関西や九州はだいたい8月中旬がお盆で年によって違うがたいてい終戦記念日と重なっている。つまり8月15日だ。
長崎のお盆と言えば精霊流し。
1年以内に近親で亡くなった人がいる家庭やら会社で精霊船を流す。流すと言うのは海に流すというのがもともとの意味である。確かにかつてはそうしていた時期もあったと聞くが今は長崎市などの自治体が準備した広場にまで運ぶ形でその後自治体がゴミとして処分する。

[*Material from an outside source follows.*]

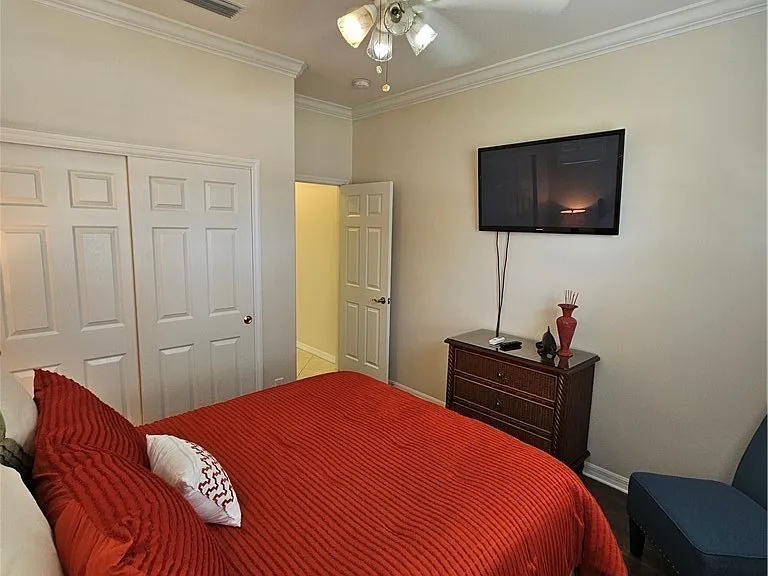 10518 Avila Cir — Photo 27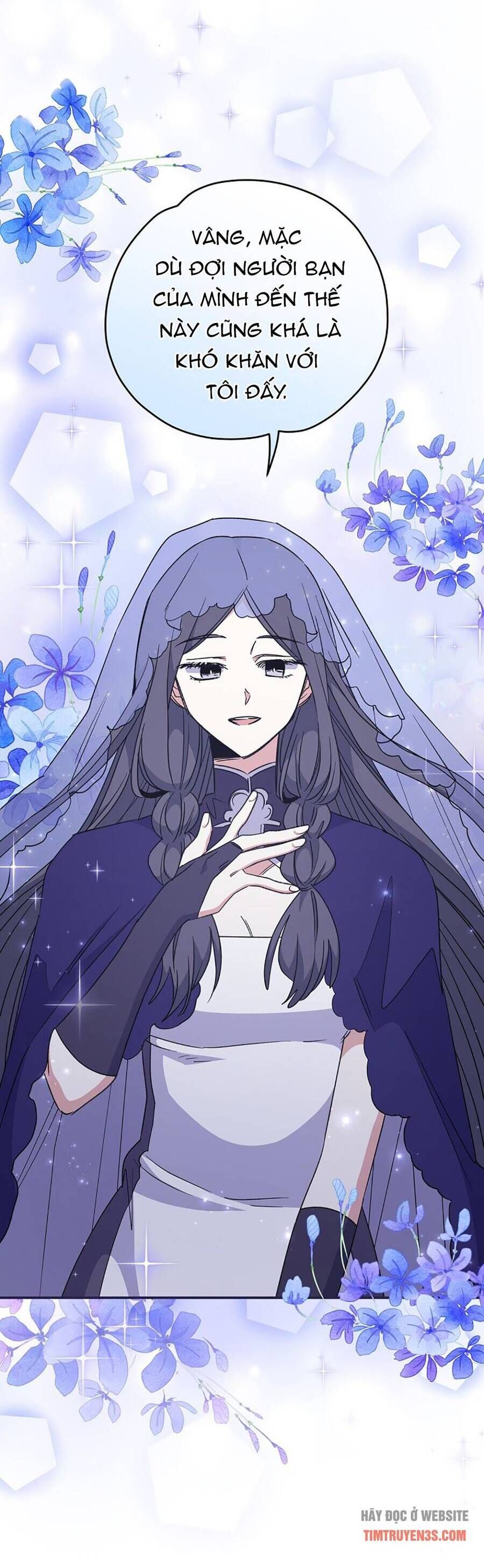 Ygret - Chapter 59 - Page 39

お盆の日は夕方3時位からボチボチ爆竹の音がどこからか聞こえて来る。4時ぐらいから公道に精霊船を引く姿がチラホラ見え始める。5時から7時くらいが一番賑やかになる頃で2車線のうち1車線はほとんど精霊船とそれを引く人達が燦々午後通り過ぎて市街地は混雑する。爆竹の音も鳴り止まない。この日は安全上ガソリンスタンドは少なくとも午後は休業で爆竹の火の粉が飛び散っても引火しない様に努める。イヤイヤ終日休業だったか。
長崎に住んで初めて精霊流しを見たときの印象をどう表現したら良いのだろう。
それまでお盆に限らず冠婚葬祭の中でお葬式とかお彼岸とかお盆を日本人は静かに迎えると勝手に思い込んでいた。
後にブラジルで見た黒人宗教の儀式は音楽がないと成り立たない、静寂とは正反対のものでなるほど地球の反対でもそうなんだ。死者を呼んだり迎えるには聴覚に訴えるのは自然なのかなと思ったりもした。
日本で西に位置する九州でも最も西にある長崎は大陸に地理的に最も近い。必然的に中国文化の影響を色濃くうける。
精霊流しに必須の爆竹も市内の華僑のお店で大量に準備されていて他ではなかなか手に入らない。まぁ、インターネット通販が流行る昨今では事情も変わっているかも知れないが。
一言で表現するなら精霊流しは喧騒の中にある。
大通りで近くで精霊船を見ようと思えば耳栓が必要になってくる。それだけ爆竹の音がひっきりなしになる。近くに飛んで来た爆竹が鳴れば鼓膜が破れるのではと思わずおののく。
どうしてこれほどの喧騒に包んだ中で船をひくのだろうか。地元の人に言わせると、故人が迷わず生前住んだ土地へと戻って来られる様に音で知らせるのだという。
しかし、思う。どれだけ爆竹を鳴らして喧騒の中にいたとしても愛しく懐かしい故人を呼ぶ精霊船を引く当事者にしてみれば心は静寂の中にあるのだろう。まるでここはどこだろう?と自分の居場所が分からなくなる、そんな面持ちになりながら船を引いているのだろう。